Let’s say China actually did grow 7% between April and June. That’s still markedly slower than the 12% jump in corporate and household borrowing last month. All that borrowing limits the ability of companies to increase employment and consumers to spend. Outstanding loans for companies and households are now a record 207% of GDP (and growing fast), compared with 125% in 2008. While the government is sure to do more to stabilize growth, “we are far from certain that China is about to exit the deflationary dynamic of recent years,” Batson says. While China’s consumer prices rose 1.4% in June, producer prices plunged 4.8%.
How crazy are they going to make it before it blows up?
China’s biggest state-owned banks have lent a combined Rmb1.3tn ($209bn) to the country’s margin finance agency in recent weeks to staunch a free-fall in the stock market, casting doubt on whether the recent market rebound is sustainable without government support. China Securities Finance Corp was established in 2011 to lend to securities brokerages and support margin lending to stock investors. Amid the stock market’s dramatic tumble beginning in late June, however, the government has deployed CSF as a conduit for injecting rescue funds into the stock market, writes Gabriel Wildau in Shanghai. CSF has lent to brokerages to finance their stock investment and has also purchased mutual funds directly. But today’s revelations indicate that state support for the stock market is much larger than previously disclosed.
The Shanghai Composite Index has recovered about 15 per cent since its low point on July 10. The magnitude of state support suggests the rally is largely a government-driven phenomenon. Financial magazine Caijing reported on Friday that the country’s sixth-largest lender by assets, China Merchants Bank, provided the largest single loan, at Rmb186bn. The five largest banks — Industrial and Commercial Bank of China, China Construction Bank, Agricultural Bank of China, Bank of China, and Bank of Communications — each provided more than Rmb100bn. In total, 17 banks provided interbank loans worth around Rmb1.3tn through July 13, the magazine reported. The People’s Bank of China had previously said it was “actively assisting” CSF to obtain liquidity through interbank lending, bond issuance, and other methods. The central later confirmed it had provided loans directly to CSF, without specifying an amount.
“..the crucial variable that separates relatively harmless frenzies from disastrous ones is debt.”
When Chinese shares plunged earlier this month, the government tried frantically to limit the damage. It pumped cash into the market, capped short-selling and ordered share buy-backs. Although China was unusually heavy-handed, it was hardly the first country to try to bolster stock prices for fear of the economic harm a crash could bring. Alan Greenspan, as chairman of the Federal Reserve, famously created the “Greenspan put” by giving investors the impression he would cut interest rates to stop stockmarket routs. The underlying rationale for these interventions is an idea that until recently received surprisingly little scrutiny—namely, that stockmarket busts are very damaging for the economy. The link seems clear enough in the case of the crash of 1929, which led in short order to the Depression.

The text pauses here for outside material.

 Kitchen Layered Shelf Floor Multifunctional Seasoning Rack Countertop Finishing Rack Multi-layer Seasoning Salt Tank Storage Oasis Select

But it is also easy to point to contrary examples. The bursting of America’s dotcom bubble in 2000 wiped out $5 trillion in market value, equivalent to half of GDP. Yet it was followed by a shallow recession. Not all bubbles, it would appear, are equally bad. According to two new papers, the crucial variable that separates relatively harmless frenzies from disastrous ones is debt. In many cases, though certainly not all, stockmarket manias fall into the less worrying category. Writing for the National Bureau of Economic Research, Oscar Jorda, Moritz Schularick and Alan Taylor examine bubbles in housing and equity markets over the past 140 years. The most dangerous, they conclude, are housing bubbles fuelled by credit booms. The least troublesome are equity bubbles that do not rely on debt.

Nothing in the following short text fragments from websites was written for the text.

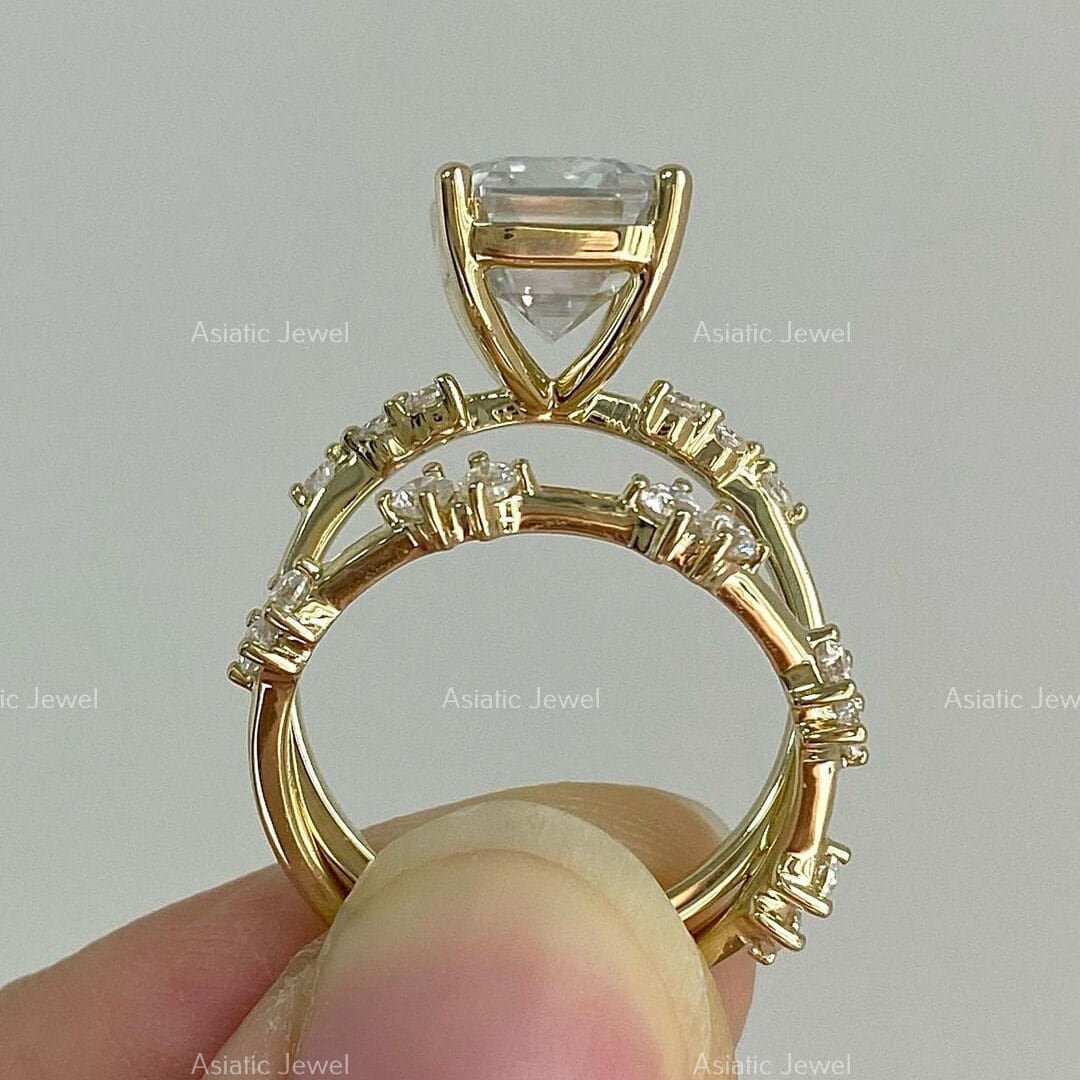 Emerald Cut Moissanite Bridal Ring Set, 14K Yellow Gold Wedding Set - Etsy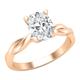 ALLORYA IGI Certified 1.25 Carat Oval Lab Grown White Diamond Twisted Solitaire Engagement Ring in 14K Solid Rose Gold, Size 9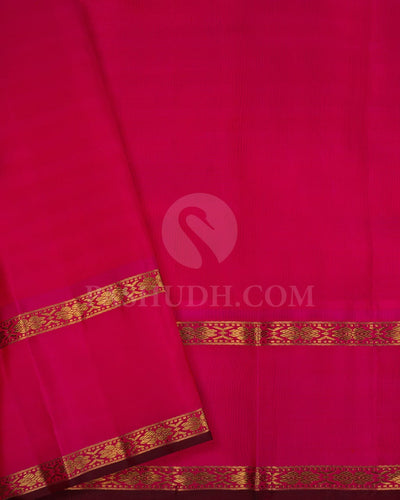 Royal Blue And Rani Pink Pure Kanjivaram Silk Saree-SP122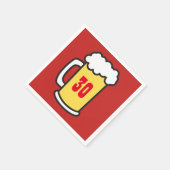 Serviette En Papier 30ème Jalon Anniversaire Bière Serviettes (Coin)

Five years after the bursting of a debt-laden housing bubble, the authors find, GDP per person is nearly 8% lower than after a “normal” recession (ie, one that is not accompanied by a financial crisis). In contrast, five years after a stockmarket crash, GDP per person is only 1% or so lower. If the stock bubble comes alongside a big rise in debt, the damage to GDP per person is 4%. The paper does not explain why housing bubbles are more costly, but a fair inference is that, whereas equity investments tend to be concentrated among the rich, plenty of people lower down the income ladder have wealth tied up in housing.
That makes sense. Stockmarket routs typically harm the economy via the “wealth effect”. When people see that their assets are worth substantially less than before, they spend less, leading to weaker demand and, ultimately, weaker investment. Debt can make this worse. Those who have borrowed to invest may be forced to sell assets to avoid defaulting, further depressing prices and wealth. Banks that have lent to investors or accepted shares as collateral will also suffer losses. That forces them to rein in their lending, harming the economy even more.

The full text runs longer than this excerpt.